GNU General Public License v3.0

56 stars 13 forks source link

Dask and sgkit integration (major release) #373

Open jeromekelleher opened 3 years ago

jeromekelleher commented 3 years ago

The plan for the next major release of tsinfer is to integrate with two upstream projects to improve tsinfer's scalability. There are two major parts to this:

Replace our custom data file formats with sgkit datasets. This will make the process of importing data into tsinfer far easier and reduce the maintenance burden for us in terms of providing functionality for manipulating input datasets.
Change our parallelism model from many threads on one machine to being fully distributed using Dask.

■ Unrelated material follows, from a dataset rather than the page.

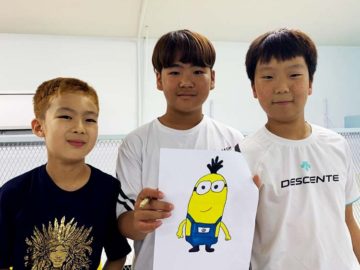 Students showing off minions comic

Both of these are significant changes, but together they will vastly improve the data import experience (which is currently pretty bad), improve scalability, and ultimately simplify the code as we can use upstream tools for a lot of things like managing progress bars, etc.

cc. @hyanwong @awohns @benjeffery

hyanwong commented 3 years ago

We should ask the good people who develop sgkit to see if they can start implementing any additional functionality we might need to make a seamless transition from our SampleData format to native sgkit formats. For instance, how do we associate site times, ancestral states, and missing data with sites in sgkit format? And are there equivalents of the subset() functionality etc. I assume @jeromekelleher has a good handle on if there is anything bespoke that would need to be added into sgkit. I suppose one way is to see if it's possible to keep most of the formats.py test suite working after a move to sgkit.

jeromekelleher commented 3 years ago

I'll be working on this in the new year - I'm one of the sgkit maintainers.

hyanwong commented 3 years ago

Yep, I gathered as much. I guess we don't need an issue to keep track of what's required, then?

jeromekelleher commented 3 years ago

I don't know yet how the whole thing will fit together - I'll open issues with specific things as it becomes clearer when I start working on it. Basically, though, sgkit datasets are flexible in that you can add in extra variables as you see fit. So, we're going to take a much looser approach to what we require on input data, basically just making sure it's an sgkit dataset with the variables (aka columns) we need. We'll probably provide some tools for updating datasets to include the columns we need. The SampleData class will definitely be retired completely, I'm not sure what'll happen to the AncestorData class yet.

hyanwong commented 3 years ago

Just while I think of it, if we are suggesting using tree sequences as a compressed format e.g. for UKB data, then it would be useful to store quality control data for each site in sgkit (I'm sure is in the works), and then pass it through to the final tree sequence, so that we can e.g. output a QC-containing VCF file for a subset of the data. Come to think of it, we might even be able to use the QC scores for inference.